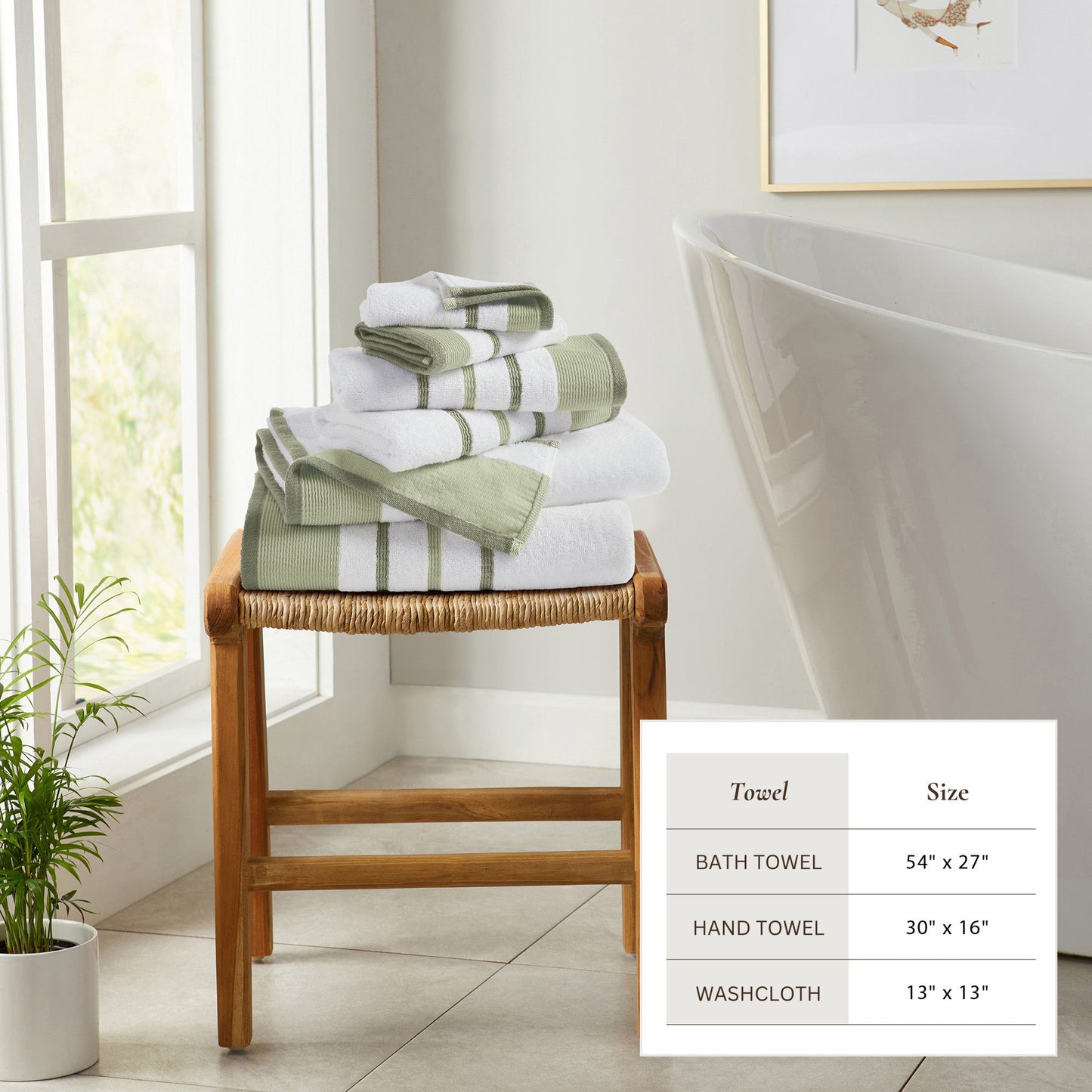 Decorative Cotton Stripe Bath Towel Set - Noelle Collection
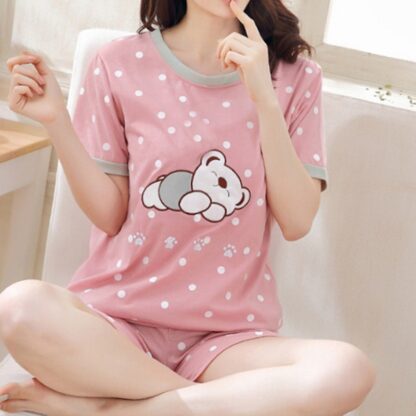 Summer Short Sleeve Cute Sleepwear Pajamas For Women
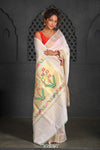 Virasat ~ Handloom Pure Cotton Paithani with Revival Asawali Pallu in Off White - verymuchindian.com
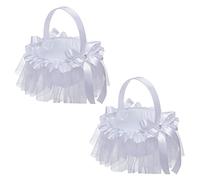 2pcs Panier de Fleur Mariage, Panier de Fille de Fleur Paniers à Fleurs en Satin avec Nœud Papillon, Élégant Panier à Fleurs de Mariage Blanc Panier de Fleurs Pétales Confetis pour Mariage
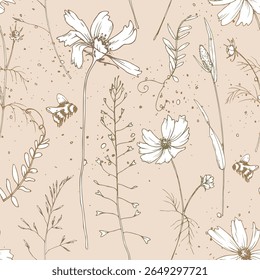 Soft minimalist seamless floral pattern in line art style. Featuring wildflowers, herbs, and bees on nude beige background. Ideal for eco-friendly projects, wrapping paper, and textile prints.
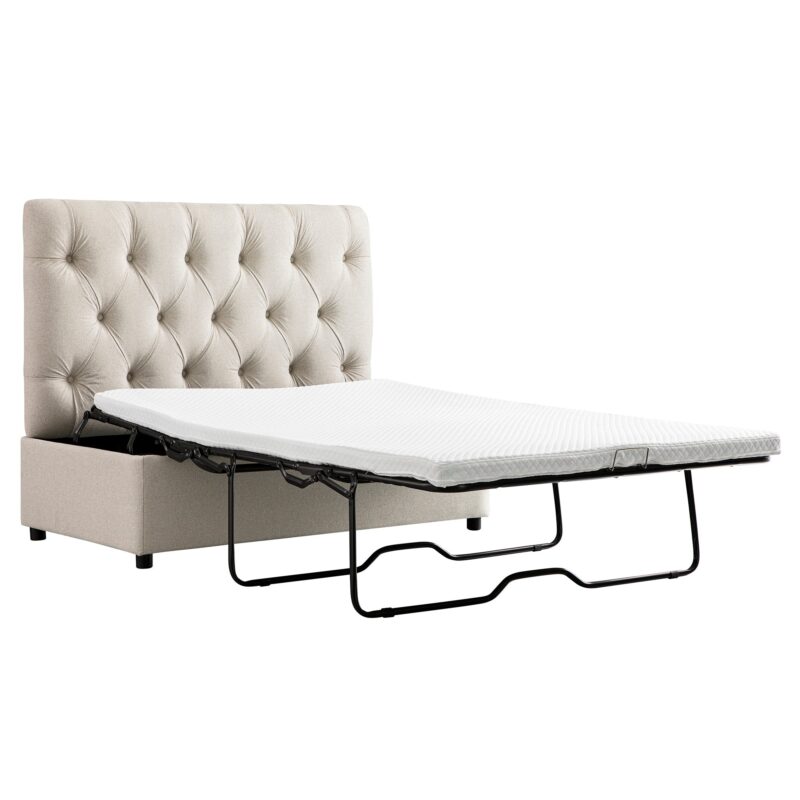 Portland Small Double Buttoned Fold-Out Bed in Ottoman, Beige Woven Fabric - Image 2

---

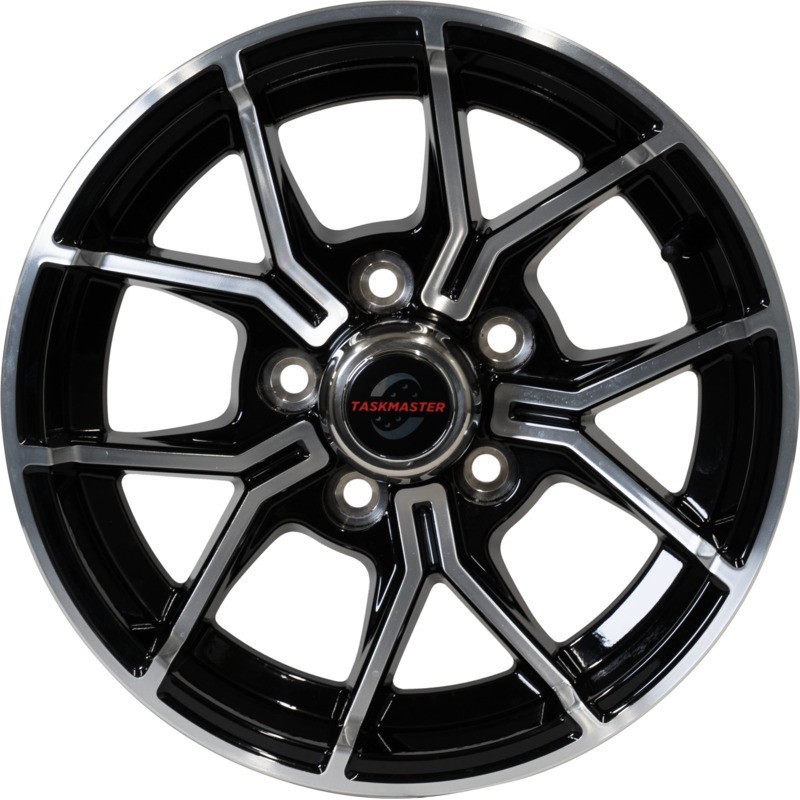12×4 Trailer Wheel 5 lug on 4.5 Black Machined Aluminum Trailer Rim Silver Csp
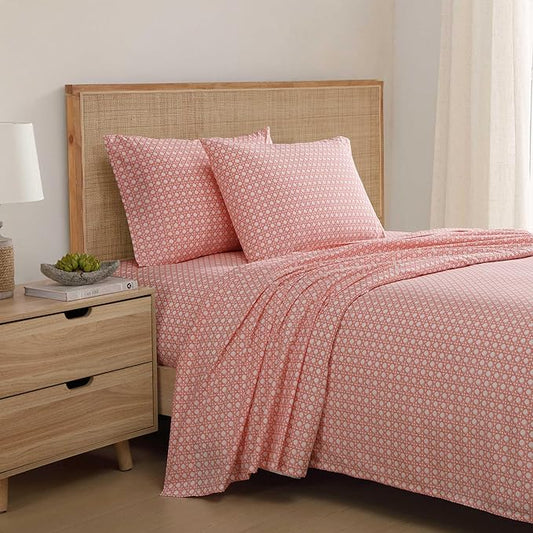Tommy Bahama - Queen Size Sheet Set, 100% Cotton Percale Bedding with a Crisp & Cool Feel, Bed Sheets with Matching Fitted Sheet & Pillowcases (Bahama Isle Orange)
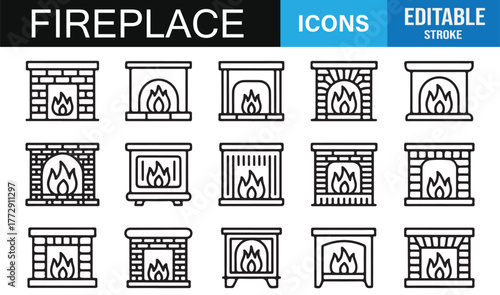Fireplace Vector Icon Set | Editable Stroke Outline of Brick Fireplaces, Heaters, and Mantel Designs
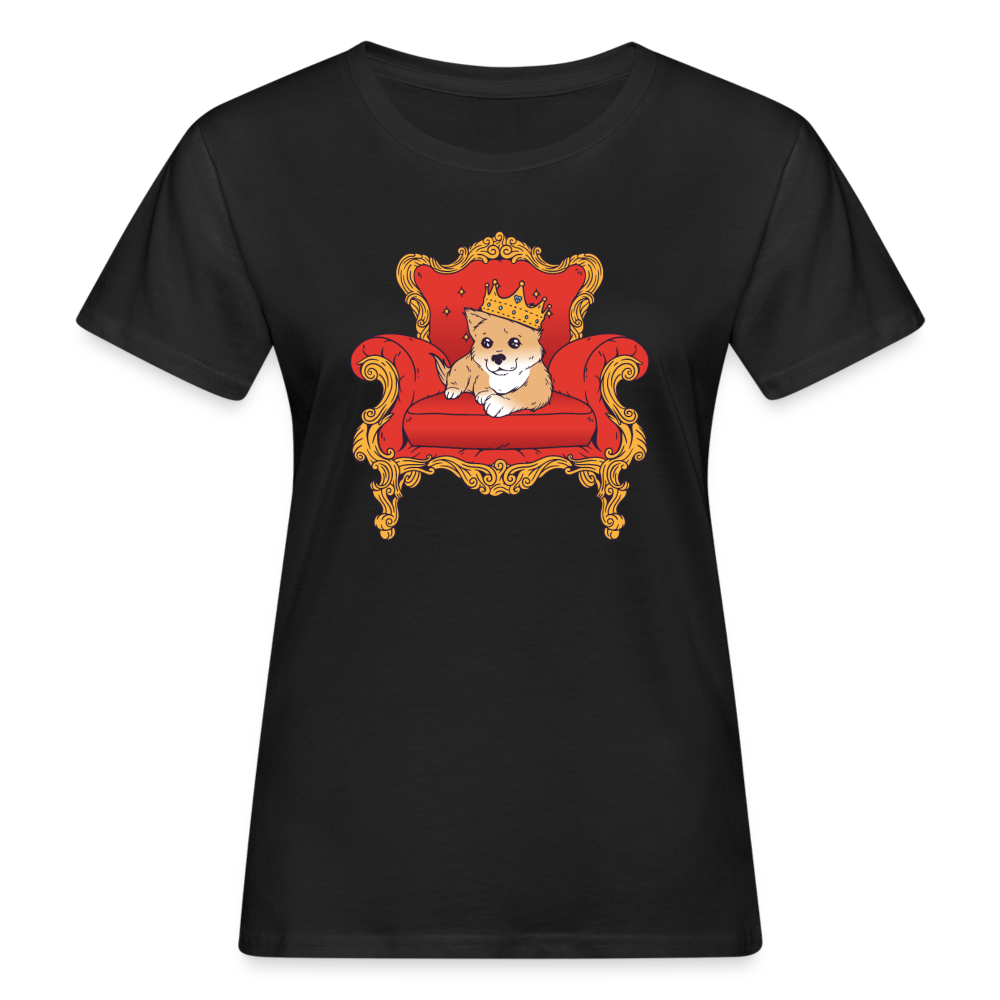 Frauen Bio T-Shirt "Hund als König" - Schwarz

==

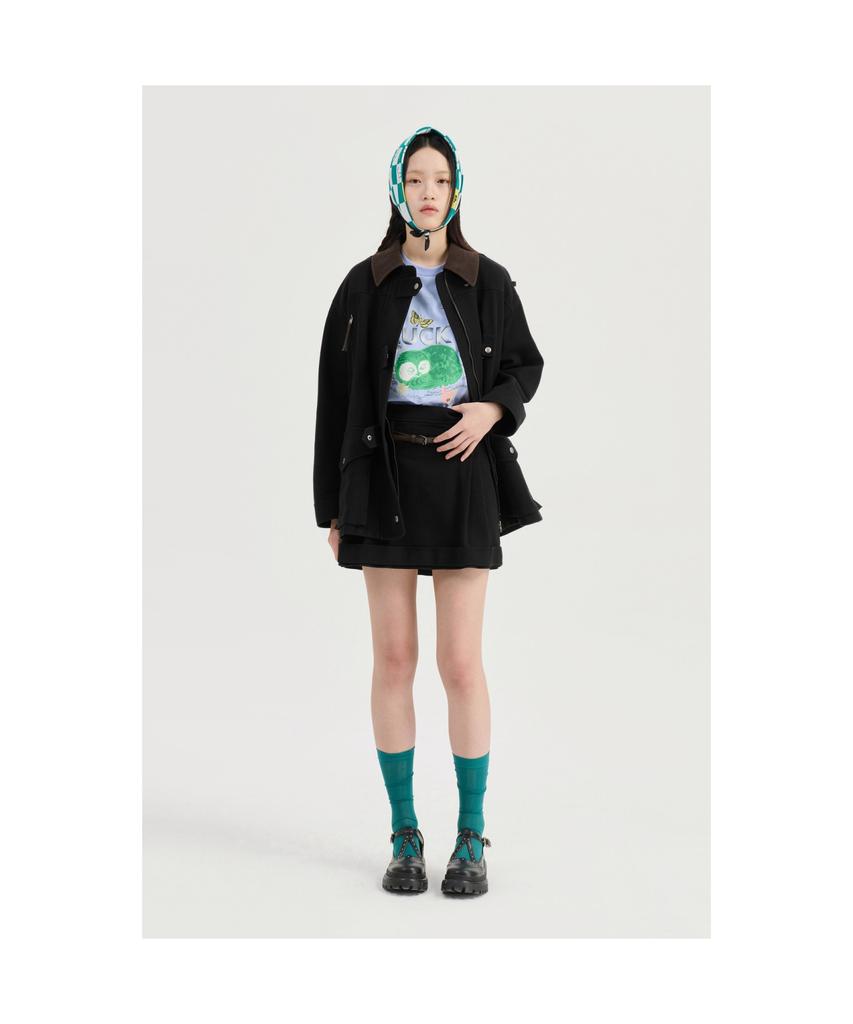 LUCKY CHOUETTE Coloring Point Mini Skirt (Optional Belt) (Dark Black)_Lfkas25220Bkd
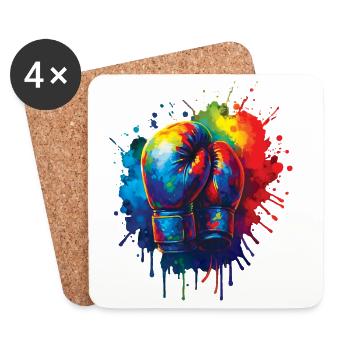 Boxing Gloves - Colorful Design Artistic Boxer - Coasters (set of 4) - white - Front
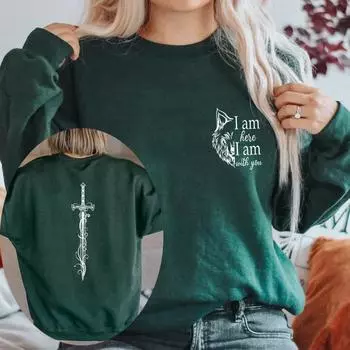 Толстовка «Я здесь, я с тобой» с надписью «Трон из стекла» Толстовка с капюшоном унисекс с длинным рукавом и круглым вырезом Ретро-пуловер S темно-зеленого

● THE PROBLEM:
Among the entries above, take the lines from the one with "Fireplace Vector Icon" through the one with "Frauen Bio T-Shirt" and retype them exactly, leaving out the pictures.

● EXERCISE ANSWER:
Fireplace Vector Icon Set | Editable Stroke Outline of Brick Fireplaces, Heaters, and Mantel Designs
 Frauen Bio T-Shirt "Hund als König" - Schwarz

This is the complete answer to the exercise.